-- Work to be completed --
Retype the records below exactly as they stand, but with no images.

-- Exercise input --
━━━━━━━━━━━━━━━━━━━━

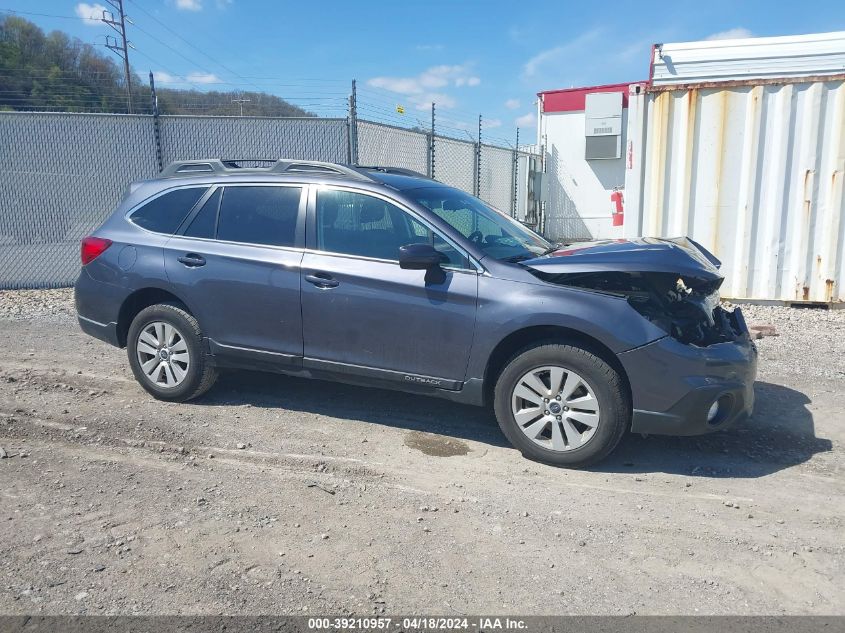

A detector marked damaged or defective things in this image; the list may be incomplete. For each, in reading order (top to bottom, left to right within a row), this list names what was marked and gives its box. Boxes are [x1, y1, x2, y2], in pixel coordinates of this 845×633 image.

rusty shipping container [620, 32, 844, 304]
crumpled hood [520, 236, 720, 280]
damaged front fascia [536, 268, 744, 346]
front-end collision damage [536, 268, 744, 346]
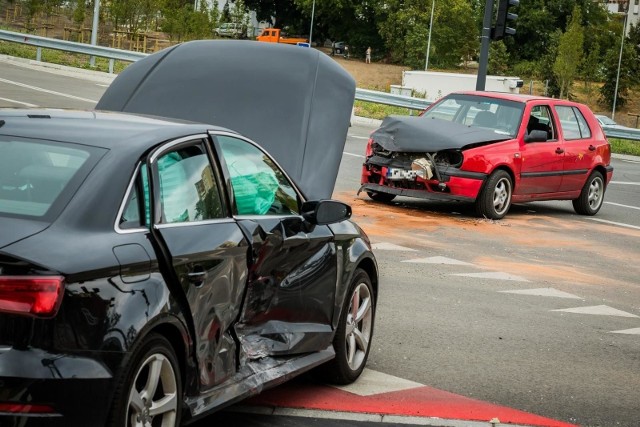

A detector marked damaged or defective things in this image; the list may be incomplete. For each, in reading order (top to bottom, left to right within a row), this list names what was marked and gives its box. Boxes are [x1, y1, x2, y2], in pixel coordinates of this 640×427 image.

━━━━━━━━━━━━━━━━━━━━

-- Exercise solution --
A detector marked damaged or defective things in this image; the list may be incomplete. For each, in reading order (top to bottom, left to right within a row), this list names what was marked and gives its box. Boxes are [x1, y1, x2, y2], in pixel coordinates of this 845×633 image.

rusty shipping container [620, 32, 844, 304]
crumpled hood [520, 236, 720, 280]
damaged front fascia [536, 268, 744, 346]
front-end collision damage [536, 268, 744, 346]

A detector marked damaged or defective things in this image; the list may be incomplete. For each, in reading order (top to bottom, left to right within a row), this list names what was marked and gives its box. Boxes are [x1, y1, x2, y2], in pixel coordinates of this 640×427 image.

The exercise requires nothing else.